7 Steps to Evolve Your IT Organization from Being Reactive to Proactive


Written by Adis Tucakovic, Senior Microsoft Premier Field Engineer


Proactive Service Management ChecklistMost IT organizations realize that yesterday’s potential issues are today’s actual problems; in turn, management and operations teams are constantly consumed fighting problems today because they did not avert yesterday’s issues and are consumed with the low-value work of reactively addressing problems instead of proactively addressing issues.  A reactive organization needs to look at what would have enabled it and its staff to identify these potential issues in the first place.

An analogy I like to use is a car.  For example, it’s unlikely a car will fail without some prior warning.  If your brakes need replacement you’ll hear that awful squeaking in advance. If your oil is low then your oil-light indicator light will come on, etc. You wouldn’t really want to drive a car without any instrumentation, would you? Yet a lot of organizations do this with their systems and fail to avert incidents that can cause serious damage to the business.

How do you quantify the ROI of proactive IT service management?

One aspect of effective IT Service Management is to analyze what past problems would have cost had these been dealt with before these occurred.  Most likely, the analysis will show that addressing issues proactively is considerably cheaper than dealing with these reactively, even taking into account that not all potential risks will become actual issues. So how do you identify potential IT issues?  There is a myriad of different ways, such as leveraging monitoring applications and tools, and investing in proactive services such as risk assessments, support reviews and audits. A multipronged approach tends to yield best results, but it takes time and investment.

A lot of IT organizations have challenges quantifying the benefits of such investments. How do you measure the value of something that did not occur if you’re not even sure if it should have occurred in the first place? As well, many IT organizations do a very poor job of accurately tracking Service Level attainment and do not do a good job of measuring uptime accurately. Nor do most do a good job of  attaching any financial value to the downtime of IT systems. Without historical data it’s hard to quantify the benefits and determine the true ROI of Proactive Service Management.

Effectively monitoring IT systems is essential to any proactive organization as it enables you to build processes that allow you to measure, retain and report on the right data, which in turn helps you understand and realize the value of investments made in proactive services.

If it takes a call to the help desk to make you aware of most issues, odds are you are not doing a good job of monitoring

The following diagram shows what a typical incident lifecycle looks like. Typical Incident Lifecycle

Note that monitoring comes into play before the incident occurs. In well instrumented applications and systems there are often signs well in advance of pending issues.
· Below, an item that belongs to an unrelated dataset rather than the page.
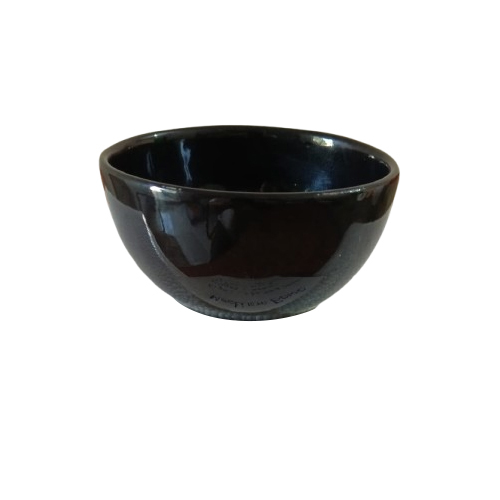 Black Bone China Bowl - Color: Different Available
However, even with the best instrumentation and monitoring, incidents will occur, and monitoring has a role to play here as well, in particular with Detection. So, how do you know something has happened?  If it takes an end user to call the help desk to make you aware of most issues, odds are you are not doing a good job of monitoring

Reducing the  time it takes to detect issues will lead to quicker diagnosis and faster recovery, but again if you don’t know how much time you spend on incidents, how will you measure progress?
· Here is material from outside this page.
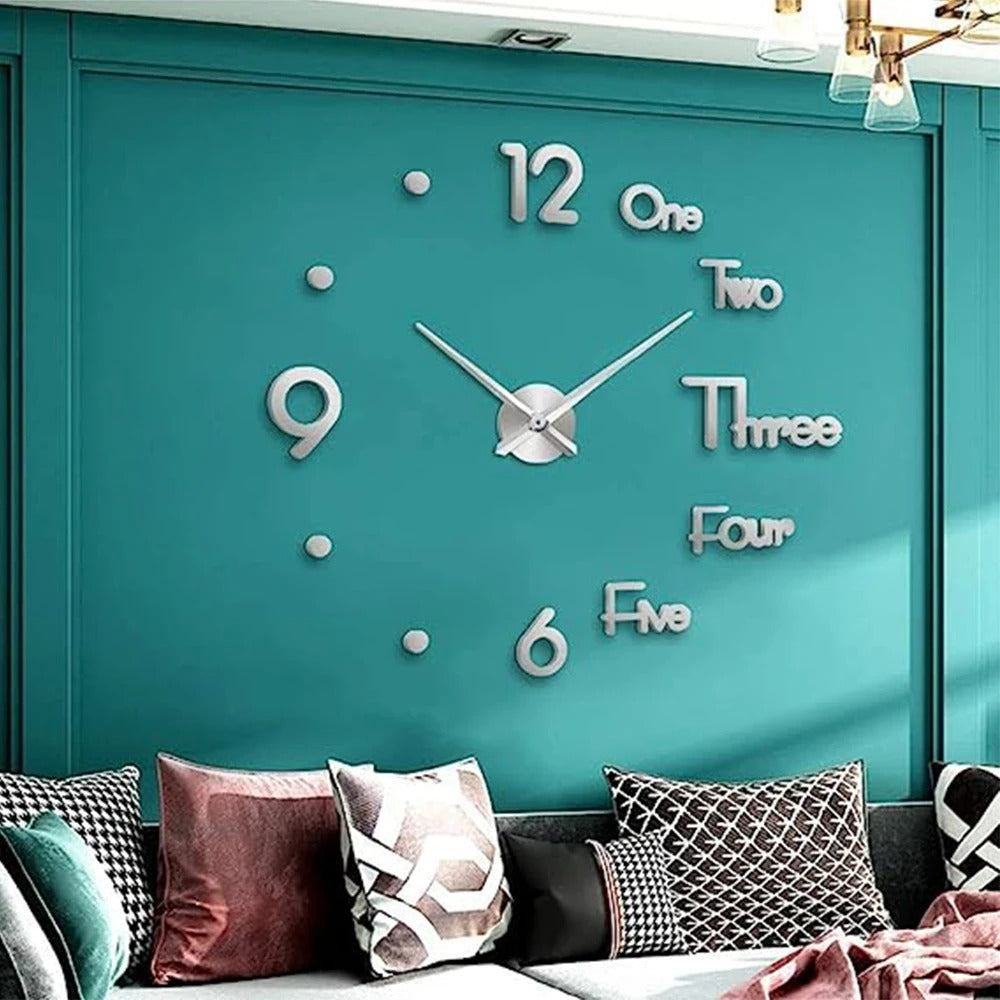 Reloj de Pared Números en Inglés - imagen 4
Proactive services such as workshops and risk assessments play a big role in diagnosis and repair stages by equipping your staff with the knowledge to determine the cause and repair the issue. Investing in skills of your IT staff has very tangible but sometimes hard to quantify benefits.

So how can your organization do a better job of service management?
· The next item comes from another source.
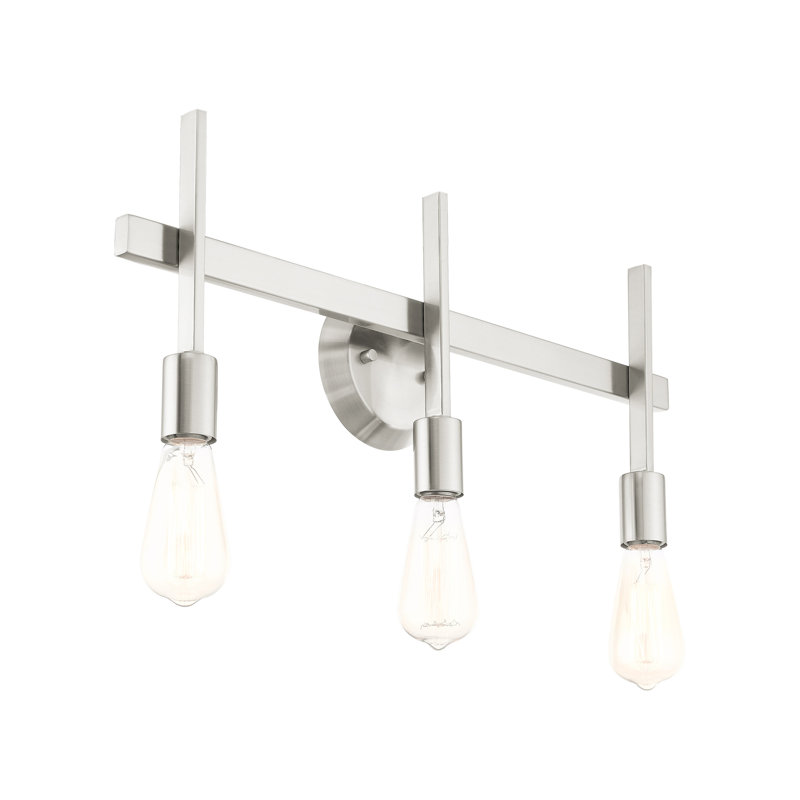 Adriano 3 - Light Dimmable Vanity Light, Brushed Nickel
You should create a Continuous Service Improvement Program that is SMART  (i.e. Specific, Measurable, Achievable, Realistic, and Time-bound) and focus on the following 7 steps:

  1. Measure performance based on the end-to-end experience that includes the end-user and not just components you or your team are responsible for.
  2. Foster a corporate culture and business processes oriented around client satisfaction, measure the client satisfaction and promote processes to drive for better results.
  3. Proactively monitor and fulfill business requirements instead of waiting for breakages or outages to occur by investing in services and systems that allow your organization to deliver value to your business.
  4. Support all critical stakeholders’ visibility of current and accurate data by defining what data is useful and how it can be produced in accurate, timely and automated fashion. 
  5. Increase collaboration among internal stakeholders around common goals and objectives
  6. Automate and synchronize as many field service processes as possible
  7. Eliminate paper- and spreadsheet-based processes and consider LOB, web, e-mail, and mobile technology solutions.

This approach will help evolve your IT organization from being viewed as a reactive cost-center to a proactive driver of your core business’  success.  A win-win for both your business and your business’ IT organization.